Sociology of Moralities and Sociological Theory
Sociology of Moralities and Sociological Theory
Tuesday, 8 July 2025: 19:00-20:30
Location: SJES027 (Faculty of Legal, Economic, and Social Sciences (JES))
RC16 Sociological Theory (host committee) Language: English
Although the moral theme is present in the classics of the discipline, most centrally for Durkheim, the problematic lost its theoretical centrality. For some decades now, moral issues have reemerged as topics of interest in sociology, transversally to the concerns of either integration or conflict, with greater emphasis on the normative dimension of sociology itself (Vandenberghe, 2017) or on the deployment of moralities in societies (Hitlin and Vassey, 2013), apart from the normative dimensions of the field. This often occurs in dialogue with other disciplines and relates to major societal changes. Relationship to others, a fundamental question of the social sciences, is once again becoming an explicit problem of social life. Through empirical and theoretical studies, the sociology of moralities privileges the observed range of definitions of good and evil, moral orientations that structure social behaviors and define the relationships between individuals, and between these and the idea of society.

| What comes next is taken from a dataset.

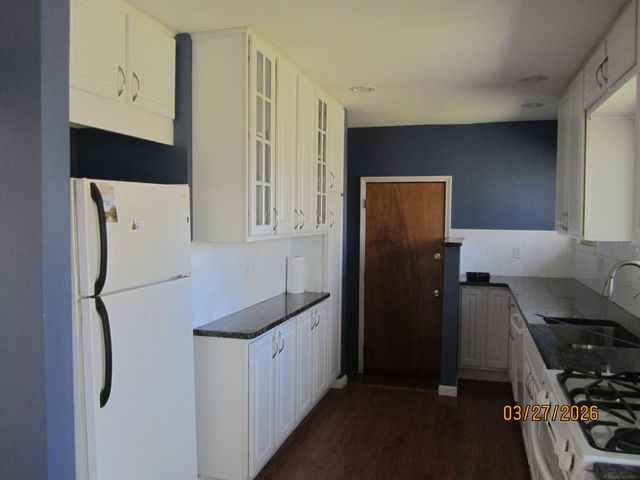 21181 Gordon Road, St Clair Shores, MI 48081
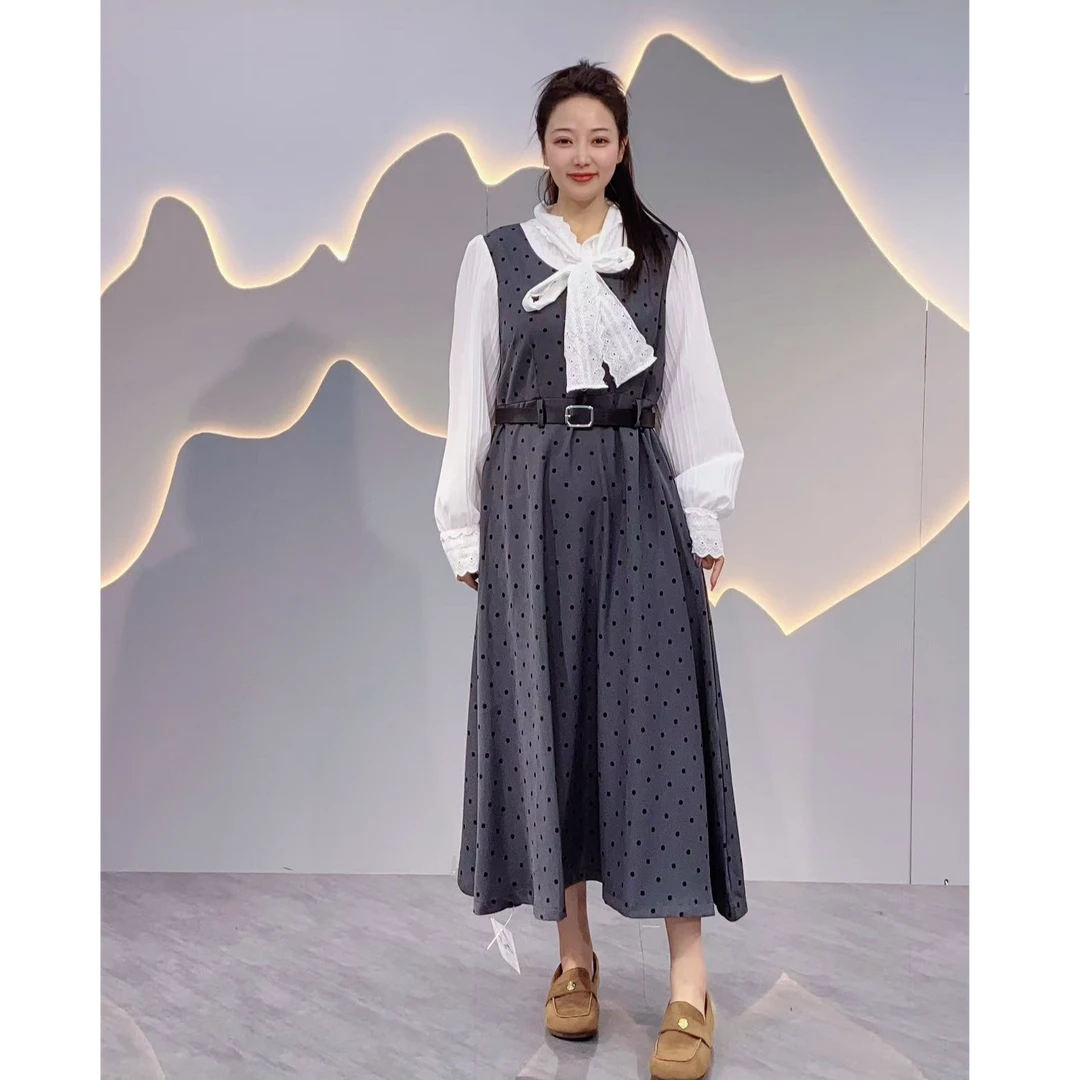 XIE4 显瘦修身连衣裙6292（带腰带）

It addresses a essential set of questions such as what place for moralities in the framework of contemporary individualisms? How do new technologies strain the relations between the rules of civility and moralities? How do environmental concerns impact our sentiments of justice?
This session aims to bring together papers that problematize the problem of social moralities in contemporary societies, but with the explicit purpose of exploring the scope of sociologies of moralities as a way of producing current sociological theory on the cardinal problem of social life, and of the living together, in diverse societies.